When releasing the album’s first single last year, Reid commented that she felt uncomfortable about the word "folk".
"It makes me sort of cringe. It’s too confining," she said.
However, Reid also provides a rapproachment.
"I think in my heart, folk music is where it all started ... you could argue that everything kind of starts with three chords and the truth."
Her music has been following a natural progression, she says, supported by a growing confidence. That’s given her the courage to step out from behind the safety of her guitar, she says, to be the singer.
"I think it was a concert in 2021, no 2022, a concert at the Auckland Town Hall with [the Auckland Philharmonia] and pianist Somi Kim from the New Zealand Trio. And I was singing unaccompanied — well, with the orchestra — and it was a shift for me to do something like that, that possibly would have really frightened me six or seven years ago."
That sort of boldness is on display in the album’s first single, Changed unchained, released last year, which stands a good distance from folk music. Uncut magazine’s reviewer described it as having an "’80s wallop" — synths and thumping percussion.
But as the Uncut review also observes, "Impressively, the lustrous voiced Reid has changed tracks without derailing the train."

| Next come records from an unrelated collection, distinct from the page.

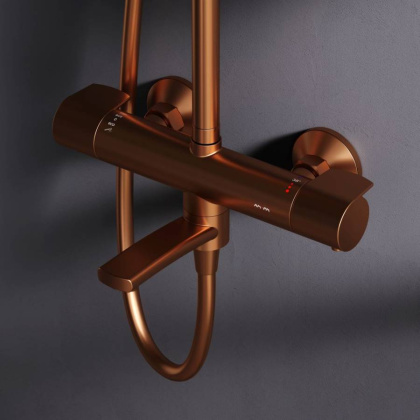 F0785A544 X-Joy, душ.система:  см-ль д/ванны/душа с ТМС, душ.штанга,верх.душ 220мм, руч.душ,роз.золо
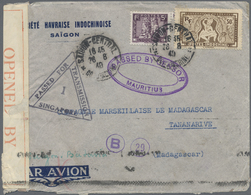 Br Singapur: 1940. Air Mail Envelope Addressed To Madagascar Bearing Lndo-China SG 175, 5c Purple And S - Singapour (...-1959)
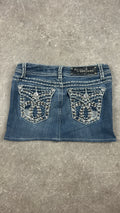 Rhinestone Vintage Denim Miniskirt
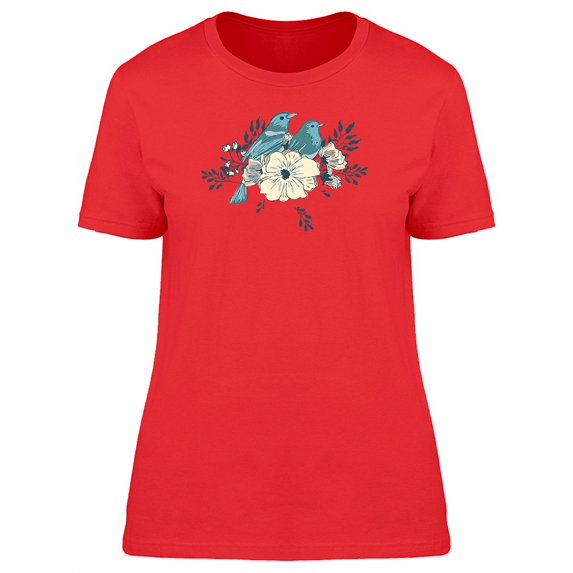 Two Blue Birds On Yellow Flower Tee Women's -Image by Shutterstock
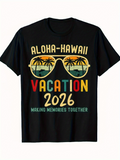 Men's T-Shirt Aloha Hawaii Vacation Making Memories Under Sunset Palms Sunglasses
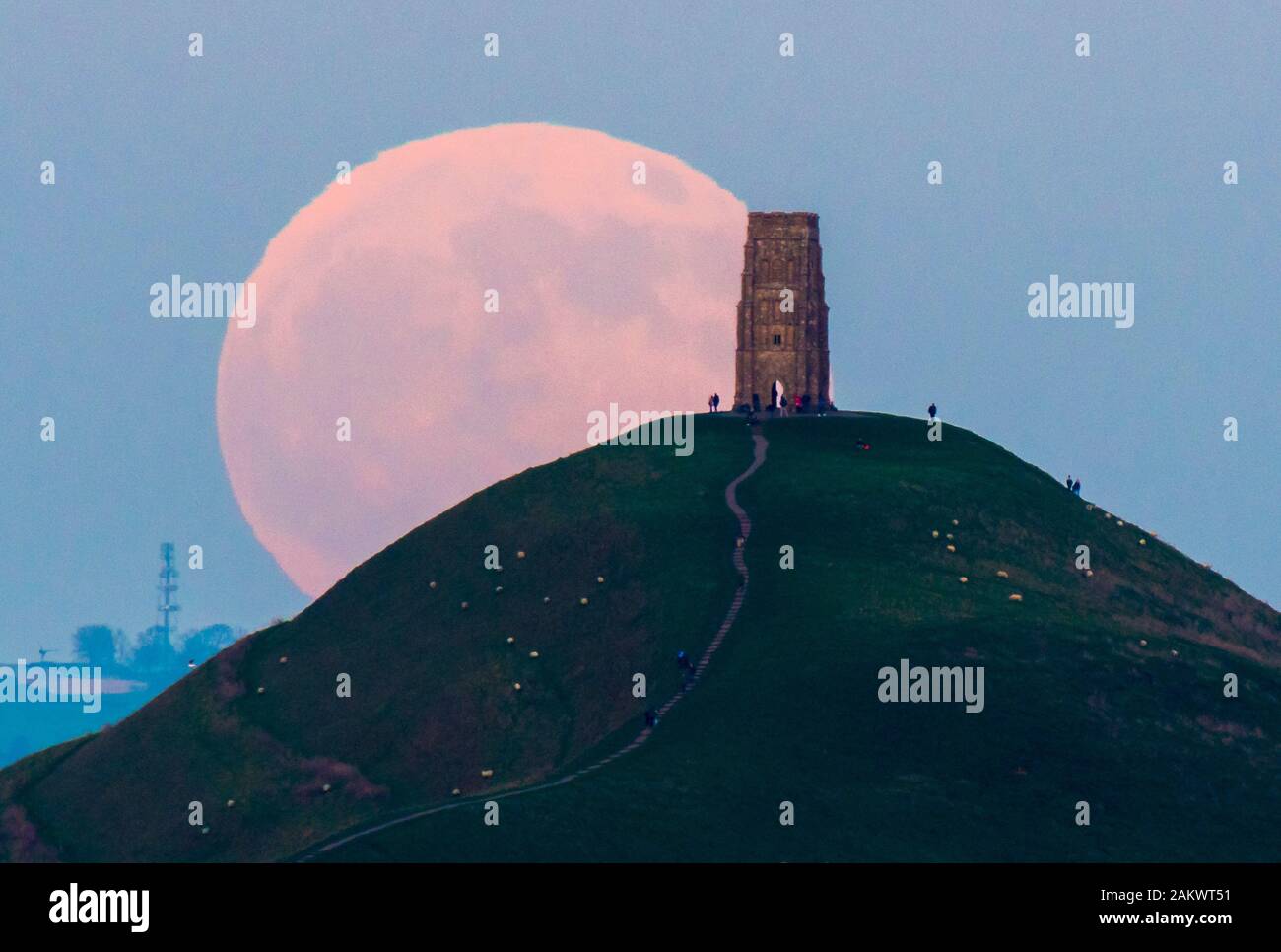 Glastonbury, Somerset, Royaume-Uni. 10 janvier 2020. Météo britannique. Le loup pleine lune se lève derrière Tor de Glastonbury dans le Somerset sur une bonne soirée d'hiver où les visiteurs se sont réunis pour regarder le lever de la lune au coucher du soleil. Crédit photo : Graham Hunt/Alamy Live News Banque D'Images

It’s been five years between albums for Reid, but the time has elapsed in a useful, life-affirming way she says, dissipating worries the pause was too long.
"I did time it well because I’ve had this beautiful year of maternity rest with my little one. And, you know, I was really pushing for it to come out last year, but the label and the team were like, ‘let’s just hold fire a little bit’.
"I think I need to give myself some credit for, you know, these two little beings. It’s big stuff."
In Aotearoa, the album is being released on Reid’s Slow Time Records, but she’s signed with international label Chrysalis for the rest of the world.
It’s a multi-album deal, Enter Now Brightness being the first.
"It offers up a whole world of, like, a team, basically, you know," Reid says.
"Like, a marketing team and all these sort of people. This whole release has been, for the first time, working with this larger team and it’s made me realise, to release the record now, it takes a lot of effort and a lot of people. And so that’s a new side of it, which is a privilege."
Family, band, label, Manchester. Reid appears to have joined in a dance with all sorts of community.
"Whether it gets the album into more people’s lives, I mean, I don’t know. We’ll see."
The album
• Enter Now Brightness, Nadia Reid’s new album is out now.